Day 40: 02 May 2014; Culcheth to Standish
|Date||Fri 02 May 2014||Start to end time||05h 50m|
|Start point||Culcheth||End point||Standish|
|Miles today||14.34||Cu miles||749.23|
|Ft today||580||Cu ft||112,642|
|Route miles left||728.60||Route ft left||85,042|
|Today’s weather||Cool and dry but bright with sunny intervals. Light Easterly wind. About 15C|
(the red cross in a circle shows where I am at the moment)
|GPX based track of today’s walk
(click here to access to access downloadable file)
“Today was a brilliant day. Apart from the fact that it was very short and relatively flat, today I hit Wigan. As well as being the home of Northern Soul (you’ll have to look that up), an old munitions dump just to the north west of the town is also the birthplace of Heinz Baked Beans (thanks Pete for pointing this important fact out). So it has numerous claims to fame.
But of greater interest to me was that today the walk crossed an important milestone. From now on there are fewer miles left to walk than I have already covered so, yes – I AM HALFWAY THERE! To make the day even more enjoyable, the sun shone brightly most of the time, and one of my friends came down from Lancaster to join me for part of the walk, so I had company.
I didn’t have particularly high expectations of the walk today, other than the achievement of the halfway point, but I was really pleasantly surprised by the day. After crossing a few fields from my campsite, I soon reached the Wigan branch of the Leeds and Liverpool canal. It made for extremely pleasant walking in the bright sunshine. The canal itself was busy and full of leisure traffic, and there were lots of interesting things to look at along the way. Curiously, the canal in many places is raised up above the surrounding landscape, and frequently the lower land has filled with water called “flashes”. These were caused when the subsurface collapsed following coal mining at depth under them. So at some points along the way you had the curious sensation of walking on a ribbon of land, surrounded by water on all sides.
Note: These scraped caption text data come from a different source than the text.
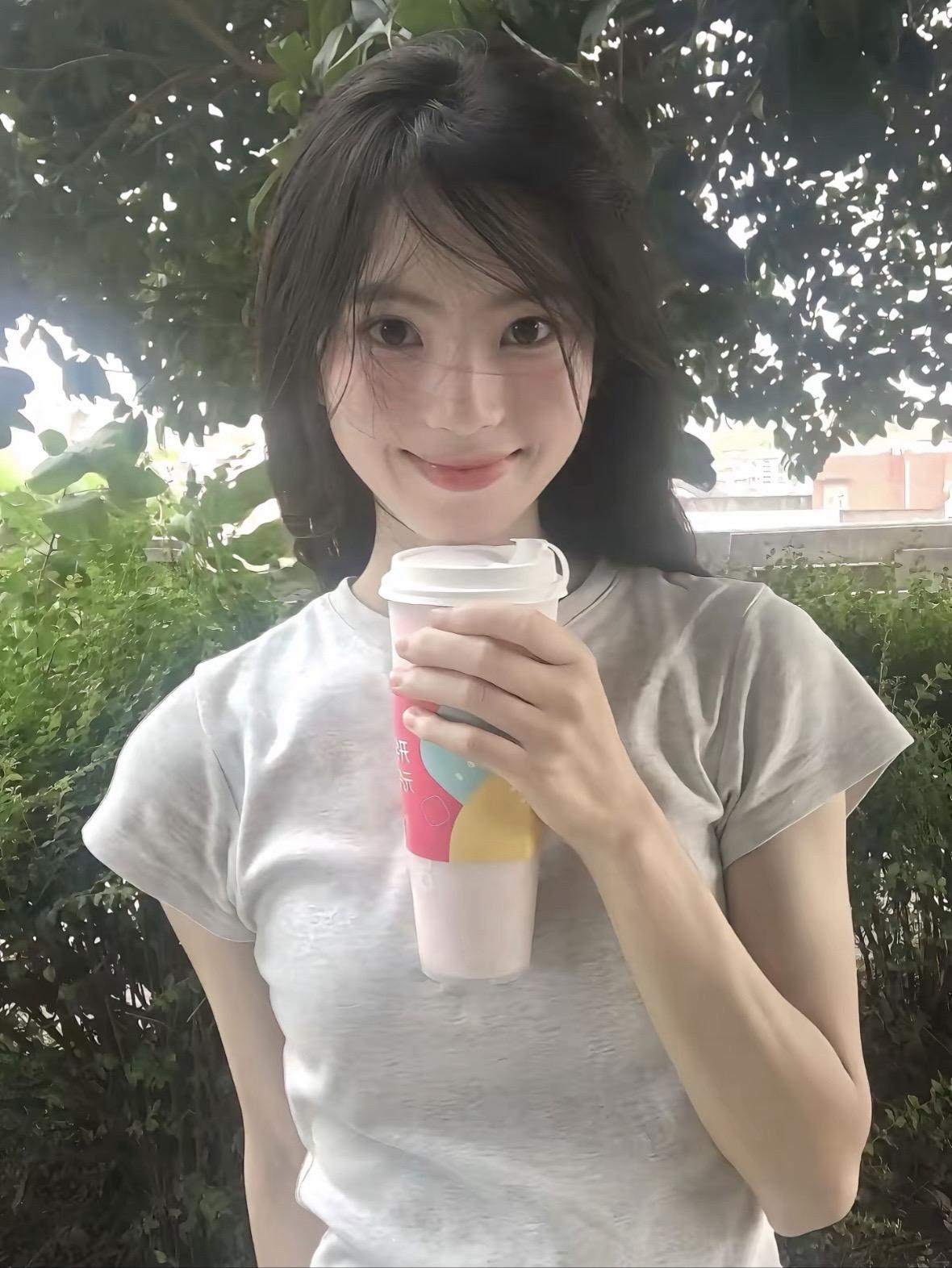 尝尝一颗东洋乌梅 再给我一个甜妹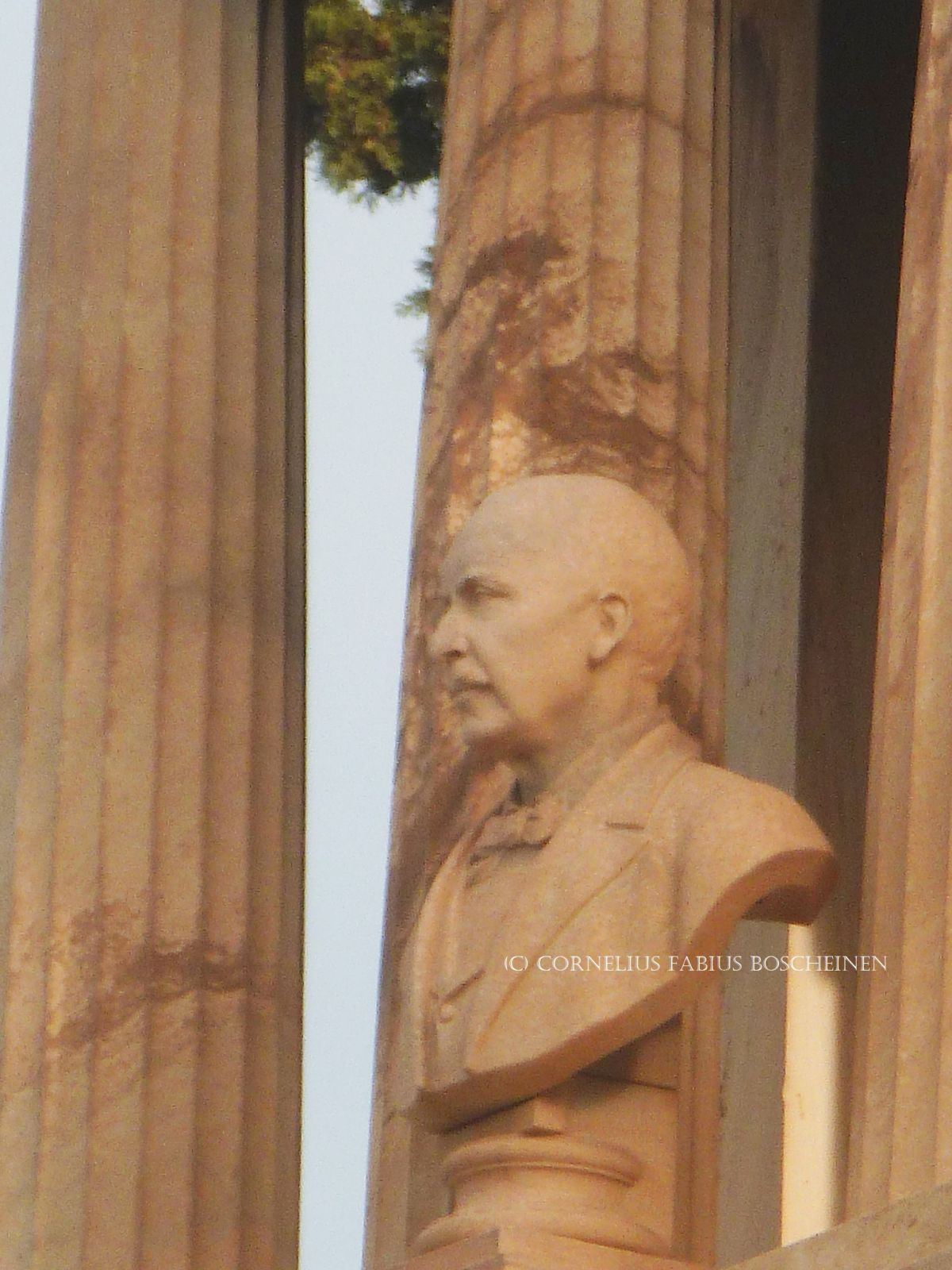 Das Schliemann Mausoleum in Athen. Erster Athener Friedhof
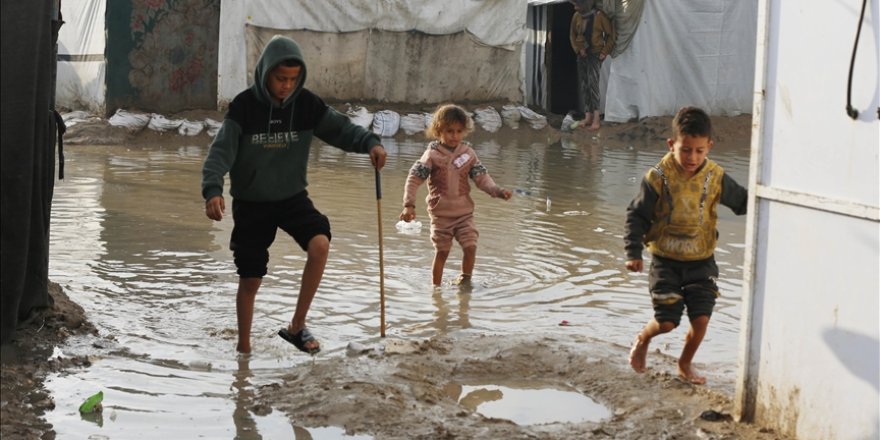 Gazze'deki çadır kamplar sular altında kaldı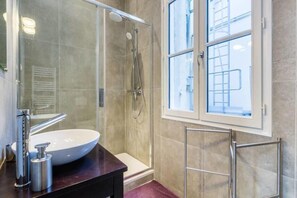 Shower, hair dryer, towels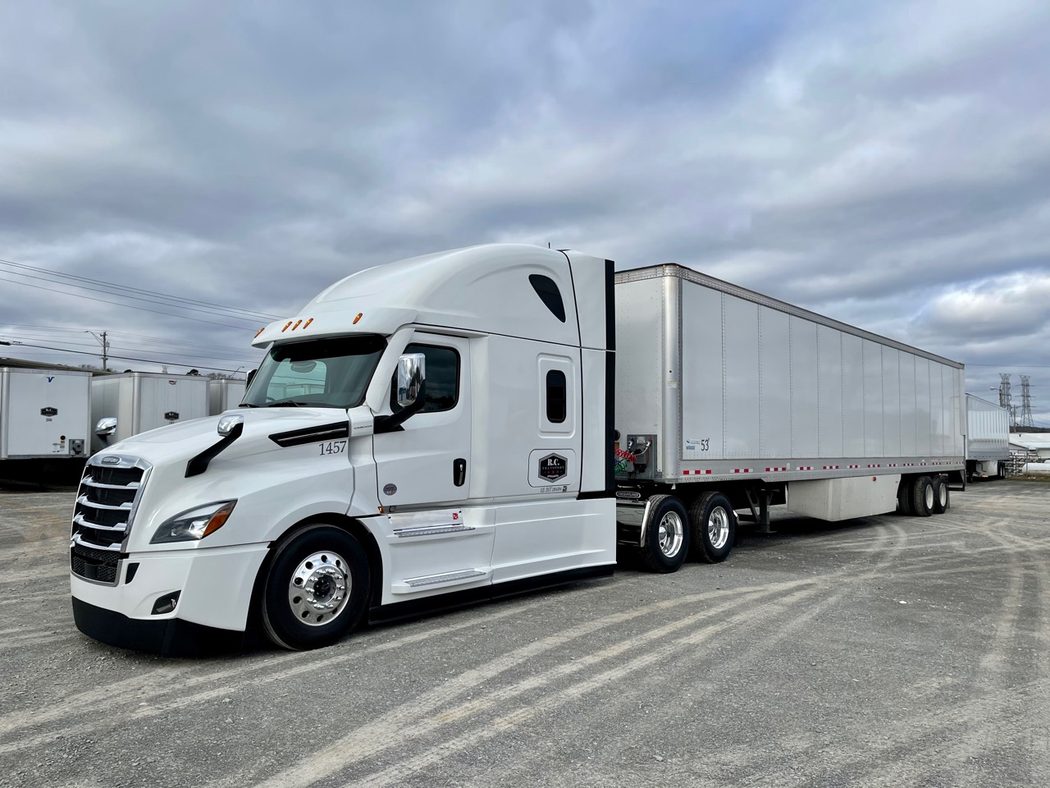 R.C. Transport white tractor and dry van trailer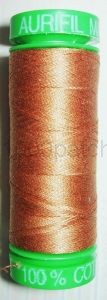 Bobine de fil AURIFIL MARRON NOISETTE spécial patchwork main et machine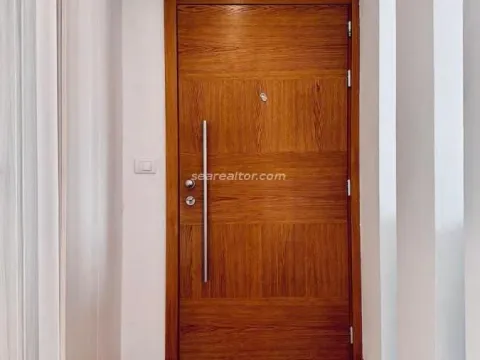 Izdavanje, trosoban stan, 130m², Centar, Tivat - image 13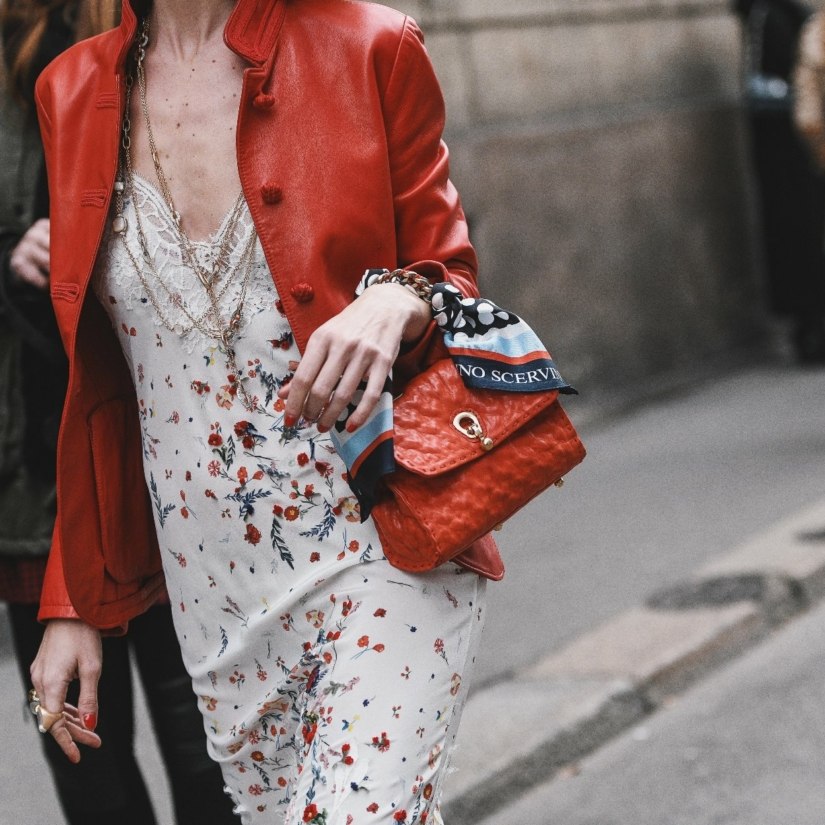 article pr&eacute;cedent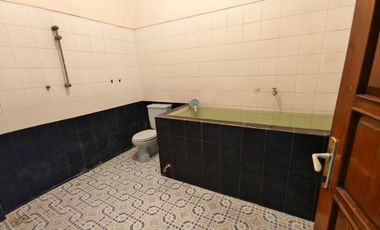 Dijual Rumah Waru Indah Letak Strategis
Wigan, too, was a pleasant surprise. The approach via the canal was scenic and the town itself fitted midway between Chester and Warrington on the Bakewell-tart scale. Bustling with life and a really interesting streetscape with sculptures and lively shops.
I decided that Wigan Pier, as the iconic landmark, would be a suitable halfway point so I headed down the canal to the lagoon where the Pier is located. I’m still not actually sure what Wigan Pier is, other than a landmark made famous by George Orwell’s book – but I think historically it was a loading wharf for canal barges and now it’s a nightclub.
Tonight to celebrate achievement of this landmark, I am having a night in a hotel near Standish (right next door to the old munitions factory, I suspect!) but then a long day tomorrow to a v. basic campsite which has a tap. And that’s all. So making the most of tonight’s luxury!”